Ms Hanley threatened G&S’s solicitors more than 7 years ago that “the matter between your client and me will become a long running saga along a costly course from Dewsbury to Strasbourg.”
These appeals by Mr Nelson and Ms Hanley concern, in the first place, the question whether G&S can enforce, against the property which they sold, some of the many costs orders which they obtained against Mr Nelson, none of which has been satisfied. In the light of the enormous cost to them of these proceedings, the amount which they seek to enforce is modest, about £18,000. That question concerns, primarily, the application of section 2(1)(b)(i) of the Charging Orders Act 1979 (“the 1979 Act”).
The second set of issues concerns the question whether G&S are entitled to a non-party costs order against Ms Hanley, and whether the judge was entitled to make an order that she pay the already assessed costs without giving her an opportunity to re-open the assessments. That question turns, in part, on the construction of section 51(3) of the Supreme Court Act 1981.
II The background
A contract was exchanged between G&S and Mr Nelson for the sale of a Plot 9, High Meadows, Low Road, Thornhill, Dewsbury (“the property”) on October 6, 1997 for £38,500.
Completion was due on about November 13, 1997. Mr Nelson required the transfer to be in the names of Ms Hanley and her daughter Dionne Hanley, and objected to the form of transfer put forward by G&S’s solicitors. It seems that Mr Nelson took exception to certain covenants in the transfer and claimed that they had not been agreed as part of the contract.
On November 13, 1997 G&S’s solicitors said that the transfer submitted by Mr Nelson was not acceptable, and that the new transferees were also not acceptable.
On November 17, 1997 Mr Nelson wrote to G&S to say that he had satisfied the purchase price of £38,500 (by paying a banker’s draft for £35,300) and required by December 1, 1997 a duly executed transfer in the form executed by Ms Hanley and her daughter. On the same day G&S’s solicitors wrote to Mr Nelson’s solicitors to say that Mr Nelson had indicated that he had paid the sum of £37,000 direct to G&S’s bank account and:
“if so this money will be held to your clients order pending formal completion. This leaves a shortfall of £1,000 which is to be held by ourselves pursuant to special condition 18 of the contract...”.
On November 19, 1997 G&S’s solicitors served a formal notice to complete. Time for completion was subsequently extended to December 15, 1997. On January 2, 1998 Mr Nelson directed G&S to convey the property to Ms Hanley and her daughter within seven days in the terms of the accompanying transfer. G&S refused.
III The litigation
A The first action
On December 1, 1997 Mr Nelson issued proceedings seeking, inter alia, rectification of the contract and specific performance of the contract as rectified. The statement of claim in those proceedings were struck out by HH Judge Cooke on April 28, 1998 and Mr Nelson was ordered to pay G&S’s costs.

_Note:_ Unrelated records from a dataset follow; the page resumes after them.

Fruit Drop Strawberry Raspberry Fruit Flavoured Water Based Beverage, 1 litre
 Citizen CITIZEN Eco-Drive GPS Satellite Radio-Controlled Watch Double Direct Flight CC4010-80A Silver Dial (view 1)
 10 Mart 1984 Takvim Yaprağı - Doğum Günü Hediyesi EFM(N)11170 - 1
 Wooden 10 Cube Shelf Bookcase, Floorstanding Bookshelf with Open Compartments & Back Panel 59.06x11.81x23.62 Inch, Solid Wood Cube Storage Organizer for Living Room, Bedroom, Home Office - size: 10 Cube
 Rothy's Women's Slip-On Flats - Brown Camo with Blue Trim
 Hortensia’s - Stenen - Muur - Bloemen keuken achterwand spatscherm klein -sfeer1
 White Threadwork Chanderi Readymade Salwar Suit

B The second action and judgment of Mr Robert Englehart QC
On October 28, 1998 Mr Nelson issued another set of proceedings against G&S claiming that the contract with G&S did not comply with section 2(1) of the Law of Property (Miscellaneous Provisions) Act 1989, but that G&S were bound by a proprietary estoppel in favour of Mr Nelson which required G&S to transfer the property (free of any of the terms of the transfer) to Mr Nelson or his nominees.
This matter came before Mr Robert Englehart QC (sitting as a High Court Judge) who gave judgment on February 2, 2000. The judge said:
“It must be said at the outset that the legal expense to which this dispute has given rise is out of all proportion to the subject matter of the dispute and indeed the total value of this property. ... One cannot help but feel that with a modicum of good sense the dispute could and should have long since been resolved by agreement.”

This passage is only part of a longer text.